I felt out of my depth. So I headed south again and watched as Kentucky faded away in the rear view mirror. I was in a bit of a hurry. I knew I wouldn’t make it to Avalon, where the festival was, until the next day but I had to get somewhere to sleep. My choice was Tupelo – a famous place for me as my favorite John Lee Hooker song is about Tupelo

The first few lines being

Did ya read about the flood?
Happened long time ago
In Tupelo, Mississippi
There were thousands o’ lives
Destroyed

It rained, it rained
Both night and day
The poor people was worried
Didn’t have no place to go

The thing is… as I came up upon Tupelo it started to rain. I was still some miles from the city line and as I came up to the city boundary the rain got harder and harder. It wasn’t long before I couldn’t see more than a few metres, forcing me to slow the car to walking speed. It was the hardest rain I have ever experienced in my life. I began to have the feeling that this was something more than just another road trip…
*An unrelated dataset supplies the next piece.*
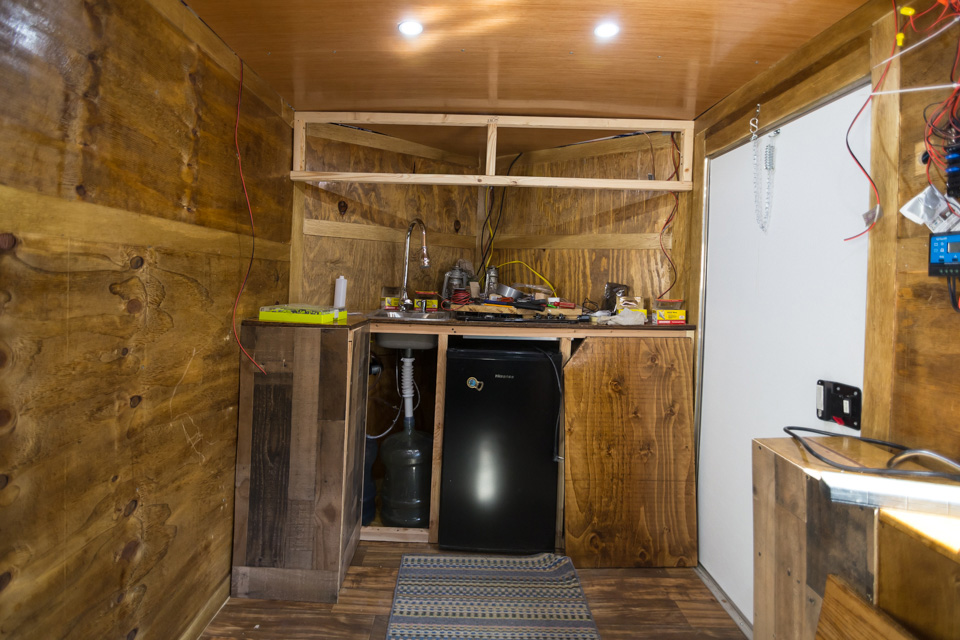cargo trailer kitchen conversion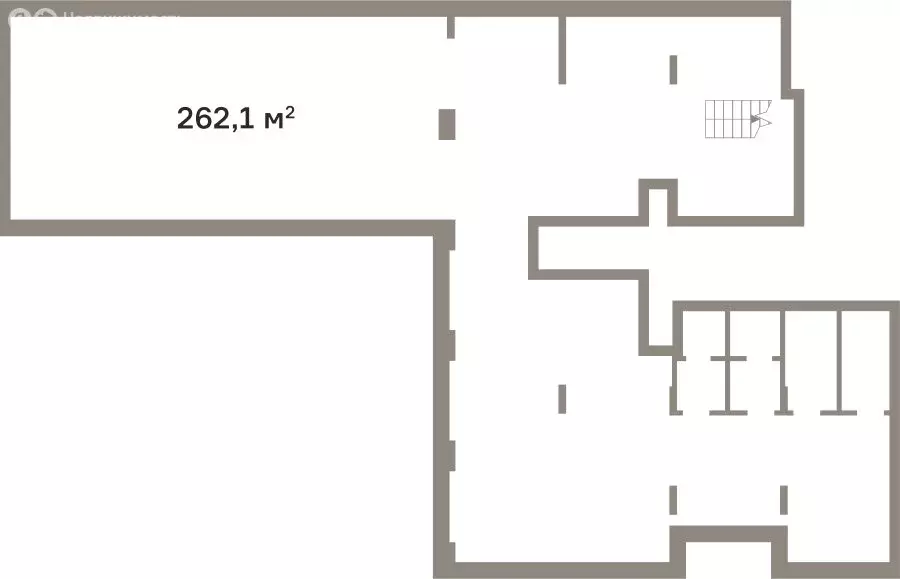 Помещение свободного назначения (262.1 м) - Фото 1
I got to Tupelo and stayed the night at a crappy soulless hotel. Getting up early I discovered that Tupelo is actually very famous as it was where Elvis was born. I stopped in to see the humble house, worked out which store sold him his first guitar and then headed out towards Avalon.

As I drove, the roads were long and narrow. The towns small. I saw unhappy posters taped to power poles calling for information about a missing young local woman. A short stop for gas allowed me to overhear the attendants agreeing that gas should be free for anyone in (army) uniform. I passed farms with large homesteads that I imagined were once plantations of old… reality was starting to agree with my imagination. I drove onward…

Avalon is famous in the blues world. It is where MJH grew up, and Avalon Blues is one of Mississippi John Hurt’s most well-known songs and the title of his first album. Avalon is also where he was rediscovered many years later when blues fan Tom Hoskins went on a legendary journey to look for him, after refusing to believe, as most did, that he had been dead for many years.

The thing about Avalon is, it doesn’t exist. At least, it doesn’t exist now. The spot where I thought I would find a small town and a festival was a wasteland of empty shacks and potholes. It was dusty, weird, and full of ghosts. Further, it had no connectivity so finding my way to the festival was going to be tricky.

I drove around a bit. I went down a long road which came to a dead end with a sign saying the road was closed. I turned back but a car, the only one I had seen for a while, passed me and continued up past the sign. I followed them but lost them. The road turned bumpy. Somewhere it became heavy duty road works, heaped dirt and the impressions of giant graders.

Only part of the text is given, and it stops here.